The stretch wanted below opens at the line containing "isolated on white" and closes at the line containing "Customers waiting in". Please return it exactly, with no other lines.

**Collection entries:**
>>>>
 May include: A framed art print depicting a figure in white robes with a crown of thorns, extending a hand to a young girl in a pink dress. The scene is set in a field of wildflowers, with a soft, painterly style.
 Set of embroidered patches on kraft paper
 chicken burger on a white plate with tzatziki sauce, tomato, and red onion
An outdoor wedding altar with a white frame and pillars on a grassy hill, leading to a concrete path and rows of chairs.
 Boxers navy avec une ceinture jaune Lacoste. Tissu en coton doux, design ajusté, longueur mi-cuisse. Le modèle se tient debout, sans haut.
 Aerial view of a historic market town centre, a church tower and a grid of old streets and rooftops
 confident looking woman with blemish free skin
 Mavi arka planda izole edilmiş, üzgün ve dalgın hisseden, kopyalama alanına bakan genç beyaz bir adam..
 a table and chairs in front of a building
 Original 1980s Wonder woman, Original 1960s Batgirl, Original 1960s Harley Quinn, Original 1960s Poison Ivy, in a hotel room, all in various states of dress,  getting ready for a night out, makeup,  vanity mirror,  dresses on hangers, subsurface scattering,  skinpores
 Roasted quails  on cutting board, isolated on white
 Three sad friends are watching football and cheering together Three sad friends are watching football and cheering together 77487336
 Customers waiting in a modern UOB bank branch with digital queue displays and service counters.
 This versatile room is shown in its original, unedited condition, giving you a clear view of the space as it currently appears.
<<<<
**Problem solution:**
 Roasted quails  on cutting board, isolated on white
 Three sad friends are watching football and cheering together Three sad friends are watching football and cheering together 77487336
 Customers waiting in a modern UOB bank branch with digital queue displays and service counters.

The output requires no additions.